The last couple of Monday night Zoom calls, I have been working along on a 1:48 water tower kit from Built-Rite Models that I picked up at the 2016 National Narrow Gauge Convention in Augusta, Maine. I put the kit in a bin and lost track of it until that pile until recently. Since I am always looking for things to do at the bench during calls, I opened it up and started in.
The kit consists of a four part laser cut frame for the round tank shape, a whole bunch of strip wood, some thread and a couple of castings. There is a clear and well illustrated instruction booklet to help you along. A well designed kit that gives you the pleasure of board-by-board scratchbuilding without the challenge of assembling the materials and figuring out the methods yourself.

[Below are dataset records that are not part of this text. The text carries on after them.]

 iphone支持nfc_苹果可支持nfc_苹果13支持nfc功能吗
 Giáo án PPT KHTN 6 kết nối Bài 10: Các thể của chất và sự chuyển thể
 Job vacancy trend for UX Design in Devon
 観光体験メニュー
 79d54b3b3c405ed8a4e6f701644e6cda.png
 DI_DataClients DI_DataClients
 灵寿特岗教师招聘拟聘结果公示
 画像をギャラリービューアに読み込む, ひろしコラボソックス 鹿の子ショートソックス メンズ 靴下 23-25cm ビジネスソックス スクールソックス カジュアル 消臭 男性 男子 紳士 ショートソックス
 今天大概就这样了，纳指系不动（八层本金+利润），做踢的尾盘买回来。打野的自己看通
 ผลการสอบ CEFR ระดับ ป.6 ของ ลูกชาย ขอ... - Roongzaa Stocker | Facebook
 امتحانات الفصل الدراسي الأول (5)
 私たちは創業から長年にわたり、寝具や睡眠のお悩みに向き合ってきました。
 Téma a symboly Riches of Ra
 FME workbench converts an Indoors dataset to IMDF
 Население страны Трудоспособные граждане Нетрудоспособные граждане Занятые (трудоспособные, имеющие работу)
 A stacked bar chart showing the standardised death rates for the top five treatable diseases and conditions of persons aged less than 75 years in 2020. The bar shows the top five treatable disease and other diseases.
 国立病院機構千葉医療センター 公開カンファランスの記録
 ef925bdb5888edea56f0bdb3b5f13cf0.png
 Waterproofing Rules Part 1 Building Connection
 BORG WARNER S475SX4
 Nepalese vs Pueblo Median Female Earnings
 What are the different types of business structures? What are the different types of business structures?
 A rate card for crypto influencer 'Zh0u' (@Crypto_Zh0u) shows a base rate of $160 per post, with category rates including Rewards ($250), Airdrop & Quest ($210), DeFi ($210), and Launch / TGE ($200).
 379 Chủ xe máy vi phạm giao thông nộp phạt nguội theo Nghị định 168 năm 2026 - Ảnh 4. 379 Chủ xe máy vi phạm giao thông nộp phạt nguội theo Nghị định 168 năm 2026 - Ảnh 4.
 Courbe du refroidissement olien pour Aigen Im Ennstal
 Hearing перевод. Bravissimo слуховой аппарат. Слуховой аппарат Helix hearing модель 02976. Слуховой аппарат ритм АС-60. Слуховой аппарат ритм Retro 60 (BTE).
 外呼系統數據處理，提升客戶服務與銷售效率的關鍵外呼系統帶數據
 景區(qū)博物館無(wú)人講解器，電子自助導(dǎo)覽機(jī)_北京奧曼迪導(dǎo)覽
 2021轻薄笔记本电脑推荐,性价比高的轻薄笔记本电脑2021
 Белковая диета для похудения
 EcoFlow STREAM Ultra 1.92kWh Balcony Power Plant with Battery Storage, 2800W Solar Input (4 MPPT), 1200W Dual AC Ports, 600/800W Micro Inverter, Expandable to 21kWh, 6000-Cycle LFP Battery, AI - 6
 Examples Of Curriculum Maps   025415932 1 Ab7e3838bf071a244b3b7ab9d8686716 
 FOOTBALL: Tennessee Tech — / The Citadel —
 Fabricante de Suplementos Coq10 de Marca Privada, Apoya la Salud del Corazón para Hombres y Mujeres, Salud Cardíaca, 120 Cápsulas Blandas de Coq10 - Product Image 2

The process of applying boards (previously stained) one by one is something I find restful. It also helps that the results are, like hand laid track, impressive looking disproportional to the actual skill required.
Here is the tank with the side boards on, perched on my sander so I can even up the ends of the boards. Sanding or trimming overlength boards almost always results in a better finish that trying to line up the ends. (Church-Key Brewing Holy Smoke Scotch ale in the background…)
I got as far as applying the top boards which are obviously going to require more than a little sanding to get them to length. I am looking forward to carrying on with this kit. I am probably going to need an On30 layout to give me a place to put these various structures that don’t fit Comstock Road. This is the meandering comes in.
I found the previously mentioned Campbell profile shingle kit after a gratifyingly short amount of hunting. Multiple winnowing passes of the supply stash over the years has reduced the height of the pile more than I thought. Apparently some of that pile is psychological. 🙂
In this case, over the years is almost an understatement. I purchased this shingle kit sometime in my teens which makes it on the order of 40 years ago. I am conflicted about how to feel about finally finding a use for it. It is not like I have never constructed a structure in the last four decades but never one in HO that required a shingle roof. Let this be a caution against purchasing materials on vague contingency. Or an exhortation to get out this sort of thing and create a use for it. Take your pick.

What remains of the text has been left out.